**Problem requirements**
Copy out the lines of the records below, and only those lines, from the one with "69C Bank Street, East Victoria Park" through the one with "nasty_bimbo", exactly as they appear.

Short text fragments from websites:

· · ·

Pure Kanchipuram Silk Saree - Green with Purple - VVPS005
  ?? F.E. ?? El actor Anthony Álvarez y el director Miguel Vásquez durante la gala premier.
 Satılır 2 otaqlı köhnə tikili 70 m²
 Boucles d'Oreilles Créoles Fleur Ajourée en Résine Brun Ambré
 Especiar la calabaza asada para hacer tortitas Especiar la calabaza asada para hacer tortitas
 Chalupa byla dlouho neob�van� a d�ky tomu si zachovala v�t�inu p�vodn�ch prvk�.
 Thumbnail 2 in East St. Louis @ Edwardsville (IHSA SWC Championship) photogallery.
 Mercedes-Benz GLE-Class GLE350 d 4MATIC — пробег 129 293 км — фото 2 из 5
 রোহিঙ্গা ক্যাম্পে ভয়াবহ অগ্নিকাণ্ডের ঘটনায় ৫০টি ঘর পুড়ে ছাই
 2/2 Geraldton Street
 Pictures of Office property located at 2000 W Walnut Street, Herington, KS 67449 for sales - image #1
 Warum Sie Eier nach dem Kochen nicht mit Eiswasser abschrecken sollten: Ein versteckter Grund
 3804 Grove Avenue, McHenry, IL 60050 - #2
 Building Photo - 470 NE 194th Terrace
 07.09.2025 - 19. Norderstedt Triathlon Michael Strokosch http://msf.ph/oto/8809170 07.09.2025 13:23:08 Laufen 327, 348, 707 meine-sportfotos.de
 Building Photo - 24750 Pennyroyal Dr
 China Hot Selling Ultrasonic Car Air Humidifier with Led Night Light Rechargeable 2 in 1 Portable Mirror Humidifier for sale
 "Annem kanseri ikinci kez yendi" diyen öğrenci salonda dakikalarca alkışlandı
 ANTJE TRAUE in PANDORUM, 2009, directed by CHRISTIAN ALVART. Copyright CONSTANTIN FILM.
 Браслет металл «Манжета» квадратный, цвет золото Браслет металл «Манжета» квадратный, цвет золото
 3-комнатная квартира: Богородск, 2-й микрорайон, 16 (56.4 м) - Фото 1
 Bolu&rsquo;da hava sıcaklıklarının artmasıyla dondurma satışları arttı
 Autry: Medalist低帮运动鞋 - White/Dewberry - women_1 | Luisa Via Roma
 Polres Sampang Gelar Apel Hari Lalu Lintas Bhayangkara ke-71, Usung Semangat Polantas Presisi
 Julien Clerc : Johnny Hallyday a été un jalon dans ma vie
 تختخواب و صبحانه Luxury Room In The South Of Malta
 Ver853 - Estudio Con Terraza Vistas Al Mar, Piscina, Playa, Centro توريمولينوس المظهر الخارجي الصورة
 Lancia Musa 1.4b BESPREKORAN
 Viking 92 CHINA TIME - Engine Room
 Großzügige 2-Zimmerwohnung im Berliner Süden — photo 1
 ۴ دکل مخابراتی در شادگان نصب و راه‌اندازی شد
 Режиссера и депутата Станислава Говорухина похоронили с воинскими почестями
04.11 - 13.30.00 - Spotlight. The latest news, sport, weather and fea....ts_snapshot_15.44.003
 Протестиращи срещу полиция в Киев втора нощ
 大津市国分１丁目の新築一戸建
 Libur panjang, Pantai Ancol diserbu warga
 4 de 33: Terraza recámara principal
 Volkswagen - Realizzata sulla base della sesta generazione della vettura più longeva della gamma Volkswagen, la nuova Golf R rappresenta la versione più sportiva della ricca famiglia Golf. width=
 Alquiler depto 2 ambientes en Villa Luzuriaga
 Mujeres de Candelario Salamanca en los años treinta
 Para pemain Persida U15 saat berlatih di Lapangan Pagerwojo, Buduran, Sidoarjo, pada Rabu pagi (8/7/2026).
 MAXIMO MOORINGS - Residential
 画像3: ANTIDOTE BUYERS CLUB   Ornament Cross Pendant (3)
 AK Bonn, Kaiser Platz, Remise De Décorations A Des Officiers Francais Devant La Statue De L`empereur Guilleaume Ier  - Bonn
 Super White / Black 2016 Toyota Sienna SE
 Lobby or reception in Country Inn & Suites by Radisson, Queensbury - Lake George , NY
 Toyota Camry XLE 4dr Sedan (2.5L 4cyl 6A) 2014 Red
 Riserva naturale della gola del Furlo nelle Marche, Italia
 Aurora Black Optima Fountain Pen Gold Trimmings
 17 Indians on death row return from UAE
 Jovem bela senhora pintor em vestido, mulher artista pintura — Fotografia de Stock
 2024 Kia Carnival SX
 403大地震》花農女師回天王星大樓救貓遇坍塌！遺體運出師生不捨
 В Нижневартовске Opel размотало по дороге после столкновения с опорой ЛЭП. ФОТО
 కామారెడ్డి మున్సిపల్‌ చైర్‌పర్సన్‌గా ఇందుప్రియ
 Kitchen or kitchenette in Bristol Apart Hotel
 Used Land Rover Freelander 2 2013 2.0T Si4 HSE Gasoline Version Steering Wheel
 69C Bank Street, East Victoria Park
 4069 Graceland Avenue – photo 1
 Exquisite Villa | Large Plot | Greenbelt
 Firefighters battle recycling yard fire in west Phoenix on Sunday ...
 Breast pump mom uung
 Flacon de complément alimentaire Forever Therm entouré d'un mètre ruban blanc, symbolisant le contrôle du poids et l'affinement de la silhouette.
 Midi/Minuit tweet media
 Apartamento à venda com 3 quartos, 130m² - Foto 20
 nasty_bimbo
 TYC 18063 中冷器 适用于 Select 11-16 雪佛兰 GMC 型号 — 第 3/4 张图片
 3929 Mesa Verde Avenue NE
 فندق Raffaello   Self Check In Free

· · ·

**Your solution**
 69C Bank Street, East Victoria Park
 4069 Graceland Avenue – photo 1
 Exquisite Villa | Large Plot | Greenbelt
 Firefighters battle recycling yard fire in west Phoenix on Sunday ...
 Breast pump mom uung
 Flacon de complément alimentaire Forever Therm entouré d'un mètre ruban blanc, symbolisant le contrôle du poids et l'affinement de la silhouette.
 Midi/Minuit tweet media
 Apartamento à venda com 3 quartos, 130m² - Foto 20
 nasty_bimbo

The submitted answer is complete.